Die Antragsteller tragen die Kosten des Verfahrens als Gesamtschuldner.

Der Wert des Streitgegenstandes wird auf 847,61 EUR festgesetzt.

 

Gründe

Der sinngemäß gestellte Antrag,

die aufschiebende Wirkung des Widerspruchs vom 11. Juli 2003 gegen den Bescheid der Antragsgegnerin vom 2. Juli 2003, mit dem der Antragsteller zu 3. zu einem Ausgleichsbetrag von insgesamt 3.390,44 EUR herangezogen wird, anzuordnen, hat keinen Erfolg.

Das Gericht entscheidet über die Anordnung der aufschiebenden Wirkung aufgrund einer umfassenden Abwägung des Vollzugsinteresses der Antragsgegnerin mit dem Aussetzungsinteresse des Antragstellers.

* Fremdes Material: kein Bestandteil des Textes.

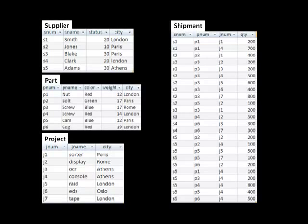For example, the first row tells us that supplier S1, which is Smith, supplied part P1, which is a nut, to project J1, which is a sorter. And how many pieces did he supply? 200.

Mangels eines besonders normierten gerichtlichen Entscheidungsmaßstabs ist die für das behördliche Aussetzungsverfahren geltende Regel des § 80 Abs. 4 S. 3 VwGO entsprechend anzuwenden, denn auch bei der Erhebung von sanierungsrechtlichen Ausgleichsbeträgen nach § 154 BauGB handelt es sich um öffentliche Abgaben im Sinne dieser Vorschrift (BVerwG, Urteil vom 17.12.1992 – 4 C 30.90 – DVBl 1993, 441). Demnach soll die Aussetzung dann erfolgen, wenn ernstliche Zweifel an der Rechtmäßigkeit des angegriffenen Verwaltungsaktes bestehen. Ernstliche Zweifel im Sinne des § 80 Abs. 4 S. 3 erste Alternative VwGO bestehen bereits, wenn ein Obsiegen in der Hauptsache mindestens ebenso wahrscheinlich ist wie ein Unterliegen (OVG Lüneburg, Beschluss vom 13.03.1997 – 1 M 4892/96 –; Beschluss der Kammer vom 10.09.2003 – 2 B 118/03 –).

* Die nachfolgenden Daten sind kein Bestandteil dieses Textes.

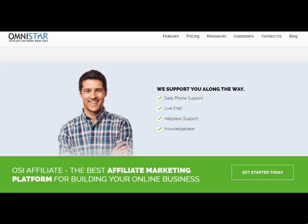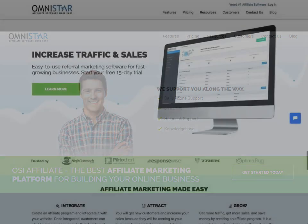Thanks for watching our Wix integration video. For more help, you can always contact a product specialist to get support. If you do not already have OSI affiliate software, then you should visit the link below to sign up. There is a 15-day free trial.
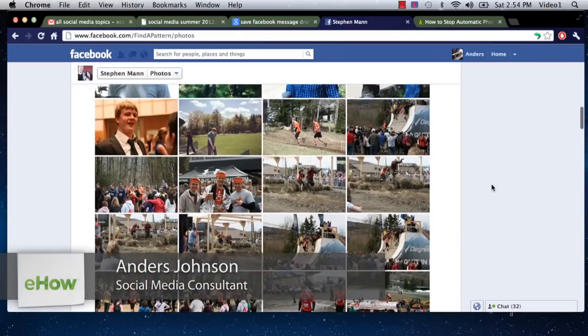Hey there, my name is Anders and today we're going to talk about viewing photos that people are tagged in on Facebook. Some people have been wondering how to see every single photo a person is tagged in on their Facebook, and I'm going to show you how to do that today.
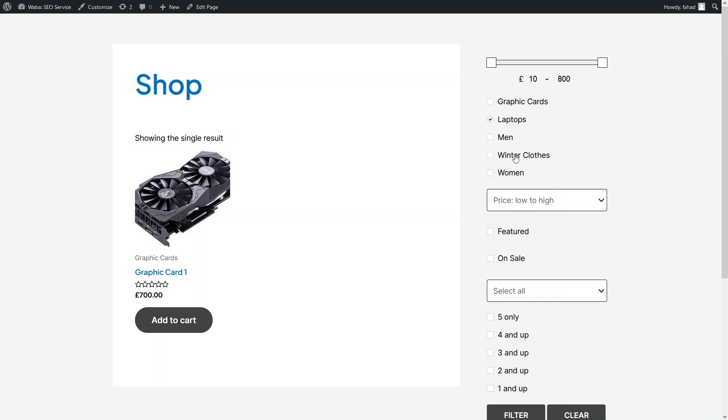So this is it. Our product filter is working perfectly, and this is all for this video. If you find this video useful, hit the like button and subscribe to this channel.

Ein Obsiegen der Antragsteller in der Hauptsache ist aller Voraussicht nach nicht wahrscheinlich, denn der angefochtene Bescheid der Antragsgegnerin erweist sich bei der in diesem Verfahren gebotenen summarischen Rechtmäßigkeitsprüfung voraussichtlich als rechtmäßig.

Rechtsgrundlage für die Heranziehung des Eigentümers eines im förmlich festgelegten Sanierungsgebiet gelegenen Grundstücks zur Finanzierung der Sanierung durch einen Ausgleichsbetrag ist § 154 BauGB. Der Ausgleichsbetrag ist in der Höhe in Geld zu entrichten, die der durch die Sanierung bedingten Erhöhung des Bodenwertes seines Grundstücks entspricht (§ 154 Abs. 1 S. 1 BauGB). Die sanierungsbedingte Erhöhung des Bodenwertes besteht gemäß § 154 Abs. 2 BauGB aus dem Unterschied zwischen dem Bodenwert, der sich für das Grundstück ergeben würde, wenn eine Sanierung weder beabsichtigt noch durchgeführt worden wäre (Anfangswert) und dem Bodenwert, der sich für das Grundstück durch die rechtliche und tatsächliche Neuordnung des förmlich festgelegten Sanierungsgebiets ergibt (Endwert).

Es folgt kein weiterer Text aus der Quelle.